* **Raw data**

=======

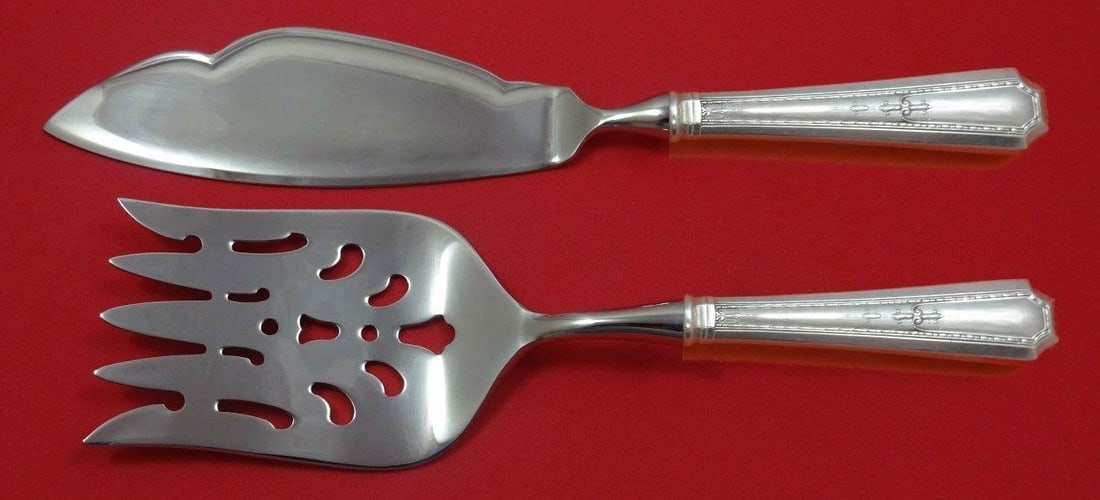 Durgin Gorham Colfax Sterling Silver Fish Serving Set 2 Piece: Durgin Gorham Colfax Sterling Silver Fish Serving Set 2 Piece Enhance your dining experience with the Colfax by Durgin-Gorham Sterling Silver Fish Serving Set. This exquisite 2-piece set showcases a d
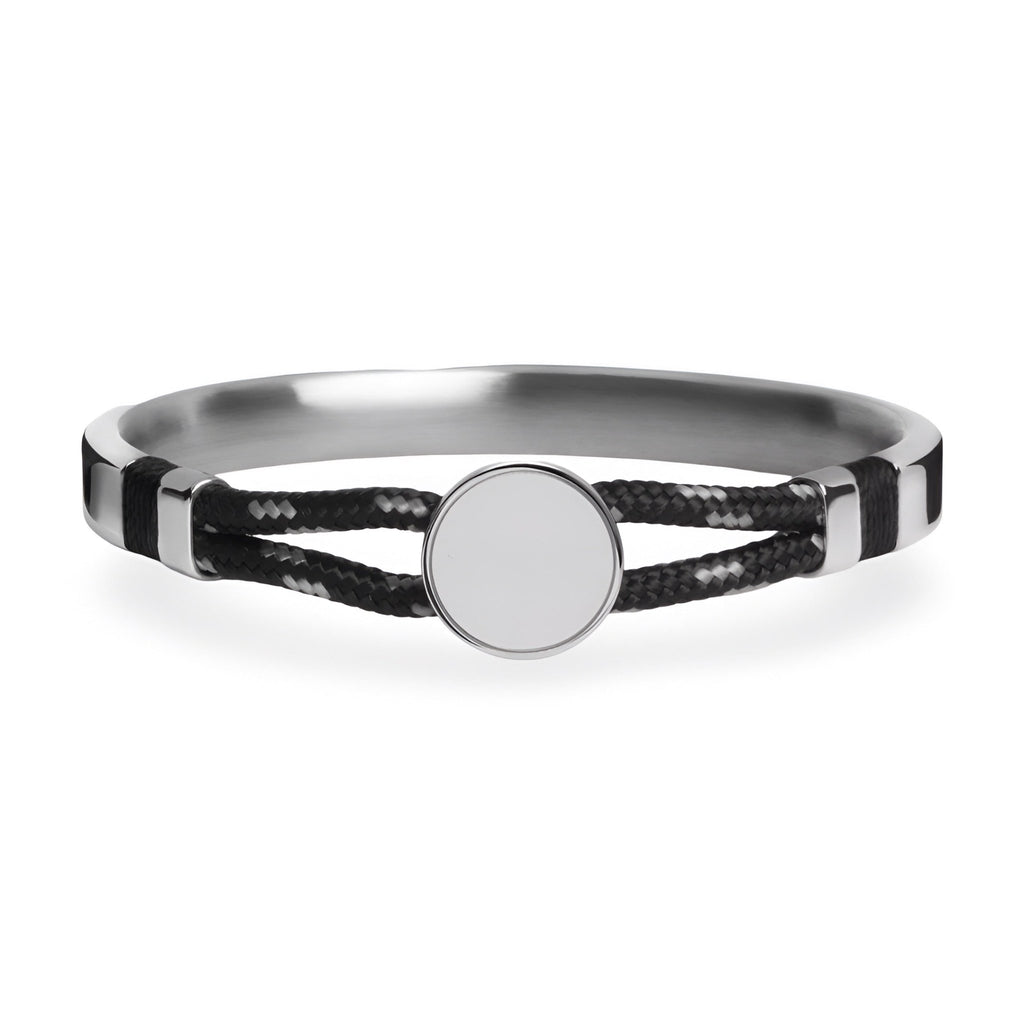 Bracelet jonc argent avec cordon noir tressé et médaillon central lisse rond.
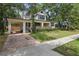 Charming home with well-maintained landscaping, brick driveway, and covered parking at 641 E Livingston St, Orlando, FL 32803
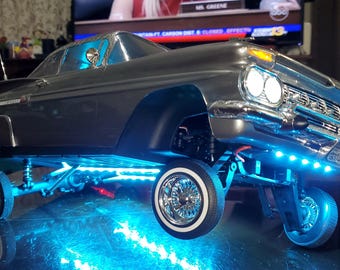 May include: A gray and silver model car with blue LED lights underneath. The car is a 1950s-style sedan with a chrome bumper and whitewall tires.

=======

* **Exercise brief**
Omit the pictures and give the material again, exactly and in full.

* **Task result**
 Durgin Gorham Colfax Sterling Silver Fish Serving Set 2 Piece: Durgin Gorham Colfax Sterling Silver Fish Serving Set 2 Piece Enhance your dining experience with the Colfax by Durgin-Gorham Sterling Silver Fish Serving Set. This exquisite 2-piece set showcases a d
 Bracelet jonc argent avec cordon noir tressé et médaillon central lisse rond.
 Charming home with well-maintained landscaping, brick driveway, and covered parking at 641 E Livingston St, Orlando, FL 32803
 May include: A gray and silver model car with blue LED lights underneath. The car is a 1950s-style sedan with a chrome bumper and whitewall tires.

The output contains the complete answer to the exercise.